What's new

July 2022 Release

Quick Confirm button
  • A Confirm button is available on entity tooltips to quickly review and confirm an entity/label value. The Edit button is removed, as users can click the entity tooltip directly to edit. Quick Confirm

January 2022 Release

Entity Label options
  • Entity label select options now are limited to the list of filtered fields(set in HITL Filter configuration). Entity Label
Missing Fields
  • We now show missing fields (i.e. fields marked "Required" in the HITL filter configuration but the processor has not predicted values for the fields) in a distinct red color, making it easy for the Reviewer to update the value of the field. Missing Fields
Random Complete Samples
  • We now support complete review (i.e. all entities in the document, not just the filtered fields) of a random sample (e.g. 2% of daily volume) of documents. This is useful to monitor model drift and analytics on processor accuracy in each field - we collect these analytics, which are used to know when up-training is required. This also serves as a dataset with labeled ground truth for up-training models.
  • Customers can opt in and set the random sample [1-10%] based on their volume. Targeting 100-500 samples/week would be useful.
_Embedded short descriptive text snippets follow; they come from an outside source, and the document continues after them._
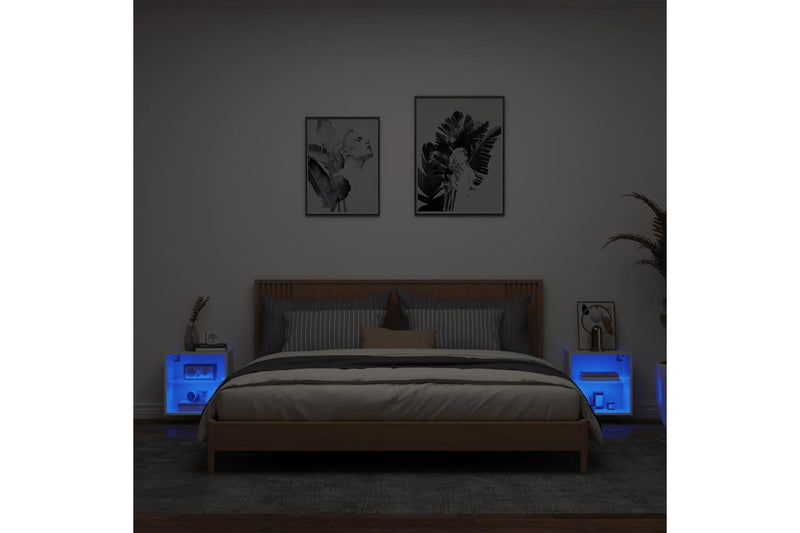 Bedside Cabinets with LED Lights Wall-mounted 2 pcs White vidaXL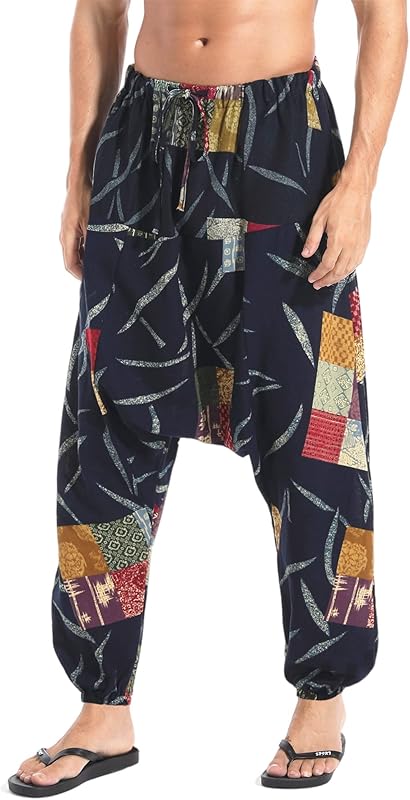 AITFINEISM Men's Drawstring Aladdin Hippie Harem Pants Loose Drop Crotch Trousers - TrendyLookz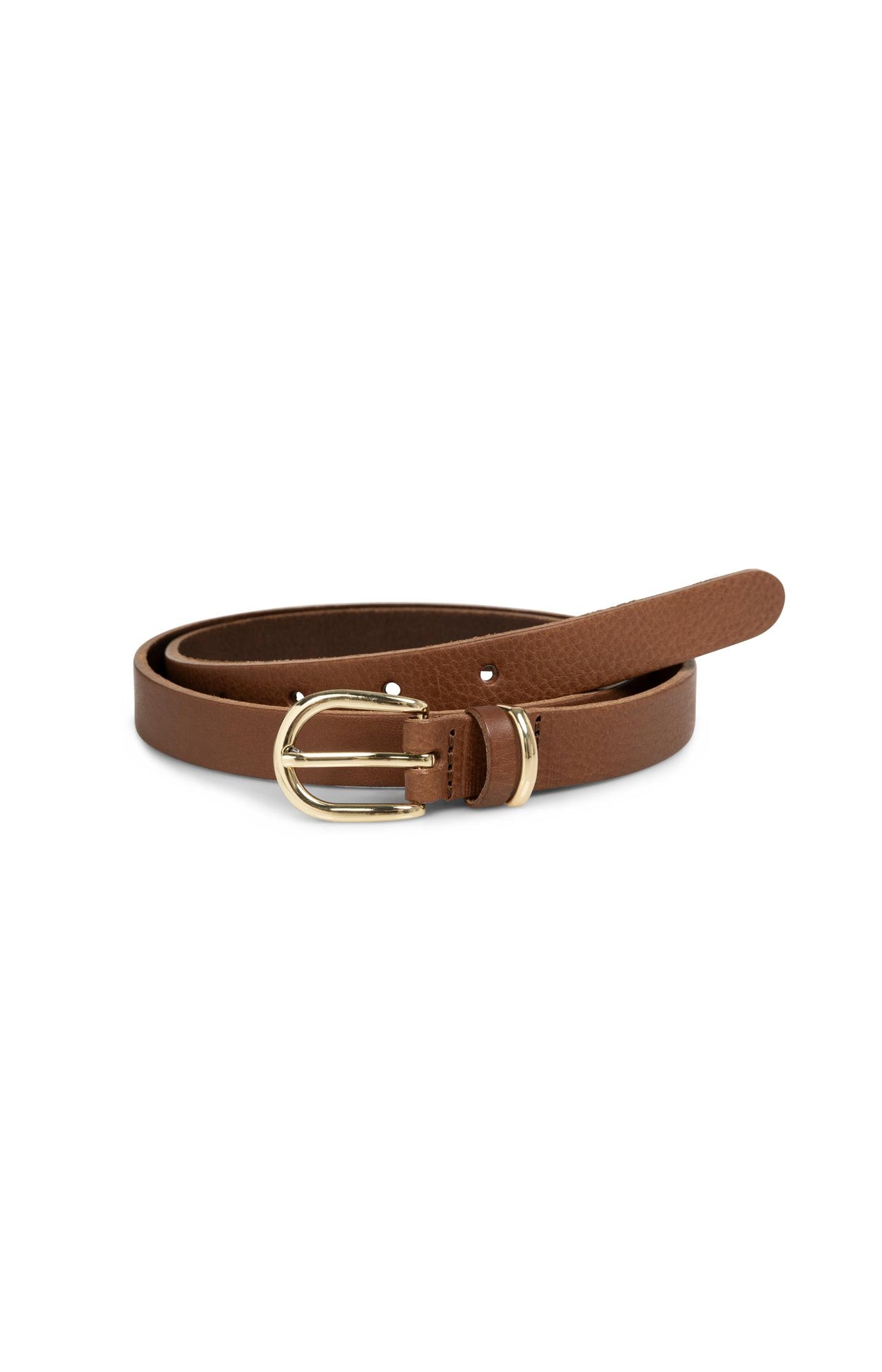 Leather belt with round buckle and metal loop - Type: product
So, if customer processes 10,000 documents/week, this may be set to 500/10000 = 5%
Simplified HITL Configuration for first-time users
  • We have simplified the BYOL HITL configuration for first time HITL customers, so they can quickly configure a task, assign Specialists and launch it from a single screen, so they can quickly try it before scaling up production volume or outsourcing the operation.
  • As shown in the screenshot below, the user is made the default Manager of the pool, and they can add additional Specialists, all of who are auto-assigned to the task in the same screen.
    • Previously, the assigned Manager would be emailed a link to the Manager Console where they add Specialists and assign the task to these specialists.
    • Upon submitting the task, they (and other specialists assigned) can go to the HITL app to review documents.
    • The user can also upload a test document (one-at-a-time) to the task queue. Simplified HITL Configuration 1 Simplified HITL Configuration 2
Remove trailing line breaker
  • Trailing line breakers('\n') are removed in entity.mentionText.

December 2021 Release

Sort low-confidence score entities to the top
  • The low-confidence score entities (i.e. entities below the confidence threshold) are now sorted to the top of the page, enabling the Specialist to focus on these entities. This drives further efficiencies in labeling. Sort Low-confidence
Instructions Optional for BYOL Tasks
  • The PDF instructions to be uploaded to configure an HITL task is now optional. This simplifies testing and quick internal launches where the Specialists don't need an instruction guide. Instructions Optional
Fit-to-width and fit-to-page-height option
  • Button to fit the page to width or to height. This is useful when Specialists have variable sized documents (e.g. Receipts) in a task. Fit Option
Task name displayed in Specialist UI
  • Task name is now shown in the Specialist UI to provide them additional context on the task and document type, which is very useful when specialist is assigned to multiple tasks.
  • Note that this is displayed in new processors spun up after this release. Specialist UI Task Name
Search box for Specialists
  • Specialists can search for entities/text in documents. This is helpful especially for large multi-page documents and makes the Specialists more productive. Specialists Search Box

September 2021 Release

Toggle to show all fields
  • Labelers might need to review and update fields that are not in the filtered set of entities for specific documents in the queue. You can toggle the Show all predictions option to allow labelers to review non-filtered fields. Toggle
HITL for Form Parser
  • HITL now supports Form Parser, so users can review and correct the key-value pairs extracted by Form Parser. The customer can enable HITL on Form Parser processor in DocAI platform and configure the key names (as shown in screenshot below) they would like to filter for HITL review. The HITL output is dropped as JSON files in the customer-specified GCS bucket after HITL review is completed.
  • They can specify comma-separated alternate key-names e.g. "customer, customer name, client, account #, account number" so that the HITL filter catches documents with all key-name variations and sends for HITL review. HITL for Form Parser 1 HITL for Form Parser 2 HITL for Form Parser 3

August 2021 Release

Audit/QA Pipeline
  • HITL now enables a 2nd stage QA or audit stage, and reports the accuracy of the Review tasks (and the Labelers). A QA team or auditor can be assigned as an "expert Labeler" to a task. The QA team/Auditor will receive X percent (say 1%-100%, this is configurable by the customer) of the reviewed documents. The Auditor can correct the Reviewer's output. The system tracks the corrections and assigns an Accuracy score (e.g. 90%) to each audited document. The aggregate accuracy score of a task or labeler is reported in the Task and Labeler Analytics dashboards respectively.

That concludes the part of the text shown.